La monnaie fiduciaire est aussi ancienne que la monnaie : même quand le bien de référence était une quantité de grain ou une tête de bétail, il était possible de réaliser des transactions, des prêts ou des dépôts avec des objets représentatifs de ces biens réels mais peu pratiques.
Parmi les exemples antiques de monnaie fiduciaire métallique, on compte l'antoninien émis dans l'Empire romain en 215 par Caracalla[2]. Cette pièce avait une valeur faciale de deux deniers mais un poids en argent de 1,5 denier[2].
Puis sont apparus les lettres de change, les billets de banque et les chèques.
En France, l'expression monnaie fiduciaire existe dès le milieu du XIXe siècle. En pays anglophones, l'expression fiat money est attestée dès des élections de la fin XIXe siècle.
Dans les économies modernes, les comptes en banque de dépôts à vue, ou dépôts de monnaie scripturale, sont constitués de monnaie fiduciaire, représentative d'une somme en monnaie légale qui n'est elle-même que de la monnaie fiduciaire de la banque centrale[réf. nécessaire].
Dans les années 2000, la monnaie électronique (Moneo en France) est apparue ; contrairement aux cartes de paiement, l'argent qui y est stocké n’est pas directement associé à un compte courant, mais peut être converti (dans les deux sens) dans le compte d'une banque adhérente au système ; il s’agit donc d'une monnaie fiduciaire de troisième niveau (le premier étant la monnaie légale et le deuxième la monnaie scripturale des comptes bancaires).
La valeur nominale, par exemple d'un billet de banque marqué « 10 euro », ne réside manifestement pas dans le coût de la matière qui lui sert de support matériel, ici le papier-monnaie. Contrairement aux instruments monétaires matérialisés sous la forme de métaux précieux, la valeur de cette matière est nettement plus faible que la valeur nominale attribuée au billet. Le coût de fabrication d'un billet de 10 euros est très inférieur à sa valeur faciale.
La « croyance » qu'un billet de dix euros vaut bien dix euros provient de sa valeur d'échange, donc du constat qu'à tout moment ce billet permet bien d'acquérir un bien ou un service d'un prix équivalent.

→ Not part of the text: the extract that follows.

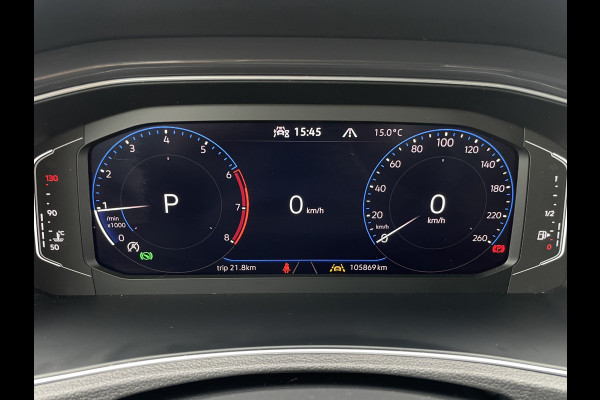 Volkswagen T-Roc 1.5 TSI Sport | LED | Trekhaak | Carplay | Camera | PDC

Aujourd'hui, la quasi-totalité des monnaies dans le monde (par exemple l'euro, créé à partir de monnaies fiduciaires nationales ou le dollar américain qui n'est plus convertible en or depuis la fin des accords de Bretton Woods le ) sont des monnaies fiduciaires.
Pour que la confiance en cet instrument soit effective, et que celui-ci devienne un moyen d'échange, il doit être garanti et imposé par un organisme centralisateur, une autorité reconnue : État, banque centrale, ville, union de commerçants, etc. La monnaie fiduciaire a donc à la fois cours légal et cours forcé ; elle ne peut être refusée dans les termes de l'échange et dans les limites de la démonétisation du support, à quelques exceptions près[4]. La monnaie fiduciaire fait partie d'un ensemble plus vaste, la masse monétaire qui inclut d'autres moyens et systèmes de paiement comme la monnaie scripturale, les espèces métalliques, la monnaie électronique.

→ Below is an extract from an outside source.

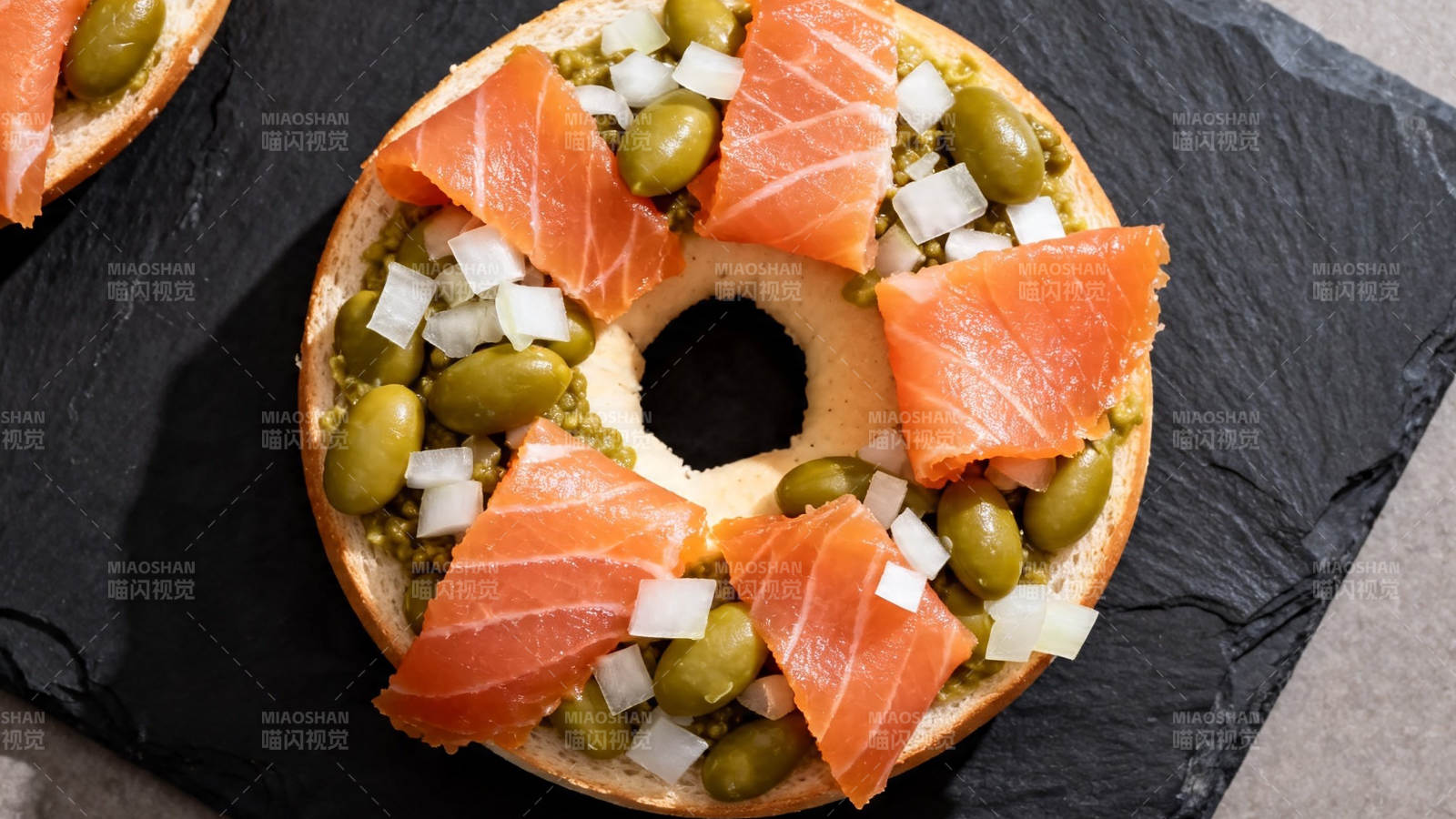 三文鱼橄榄贝果拼盘图片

Le développement des instruments financiers de type fiduciaire répond depuis son origine à des aspects pratiques évidents : un billet de 100 euro — un morceau de papier — est moins encombrant que cent pièces de 1 euro pesant près d'un kilo. Cette monnaie qui prend la forme de billet garanti par une institution est également anonyme, on disait autrefois « au porteur », et ce, contrairement à la lettre de change, au chèque ou au règlement par carte bancaire, par exemple, qui sont nominatifs et parfois non transférables à un tiers. En revanche, thésauriser ce type de monnaie fiduciaire ne met pas à l'abri de la dévaluation, de changements monétaires, des risques de perte, de vol ou d'incendie, etc. Dans certains pays, la détention et l'usage de la monnaie fiduciaire est réglementée, pour lutter par exemple contre le blanchiment d'argent.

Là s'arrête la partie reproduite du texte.